Costs associated with compiled vertex arrays

I’m trying to come up with an optimal design for my PC/Mac orientated game engine on the more common GL implementations, and most sources I have read seem to agree that compiled vertex arrays are the way to go. But I am curious as to the costs involved with each part of the process. Specifically :

  • what is the cost of glInterleavedArrays? Does it cause any communication with the card on an average T&L implementation? Do I significantly lose any performance if I call it redundantly?

  • what is the cost of locking? I know that this causes the T&L to occur, but is it common that this is just a simple matter of passing the arguments to the card which already knows the original vertex locations, or is it at this stage that vertices are passed to the card, with a little ‘do these, please’ command?

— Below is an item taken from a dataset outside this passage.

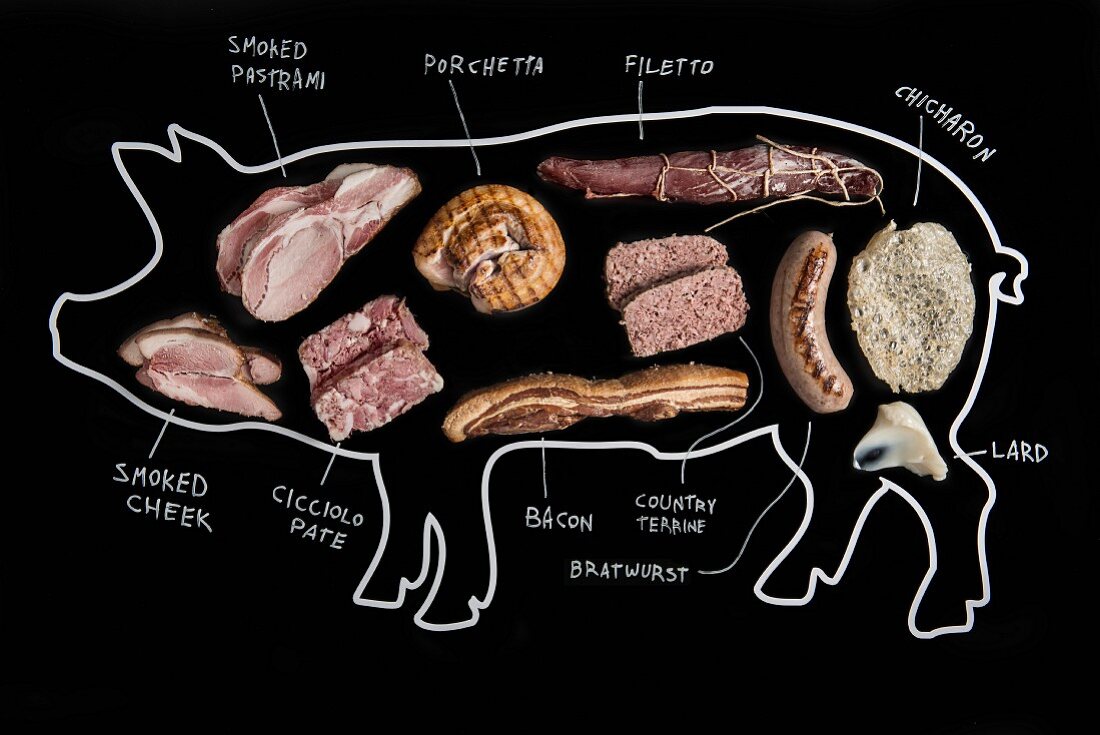 Illustration von einem Schwein mit verschiedenen Fleischteilen und Produkten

  • is there any large cost associated with unlocking? Or is it normally just an opportunity to clear up a few variables on the CPU (as opposed to the graphics card) side?

Thanks in advance!

All of these questions are implementation-defined. There are, however, some general rules-of-thumb to follow with CVA’s. One of the prime ones is that you don’t get much benifit from CVA’s if you don’t multipass over geometry. So if all of your rendering is single-pass, CVA’s probably aren’t going to help you a whole lot.

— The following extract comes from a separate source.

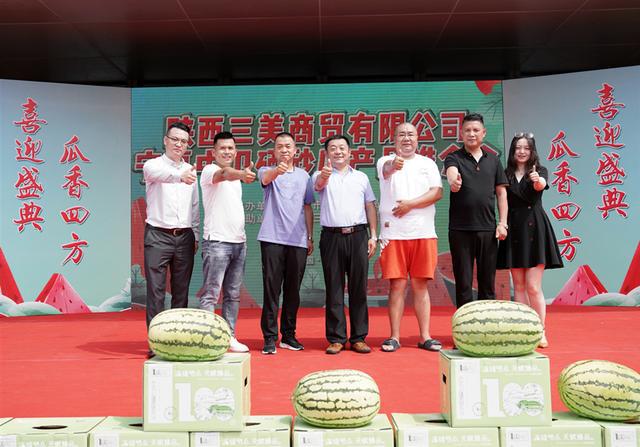 宁夏硒砂瓜特点(宁夏砂瓜什么时候成熟)-硒宝网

Oh, and there’s nothing that says that locking a buffer causes T&L’s to occur. On modern T&L hardware (let alone vertex-program equipped hardware), CVA locking likely just performs an optimized copy of the vertex data to AGP memory.

One of the nice things about CVA’s is that it is easy to benchmark. Turning them on and off is trivial.

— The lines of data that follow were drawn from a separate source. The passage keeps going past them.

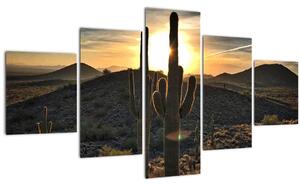 Obraz - kaktusy ve slunci (125x70 cm)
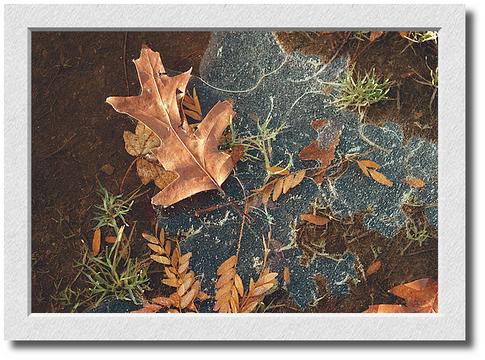 Leaf in Ice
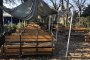 N. 35 Set of Tables and Benches 4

For most apps, you’re probably better off using DrawRangeElements. The CVA extension is notoriously hard to interpret…

  • Matt

Originally posted by Thomas Harte:
[b]- what is the cost of locking? I know that this causes the T&L to occur, but is it common that this is just a simple matter of passing the arguments to the card which already knows the original vertex locations, or is it at this stage that vertices are passed to the card, with a little ‘do these, please’ command?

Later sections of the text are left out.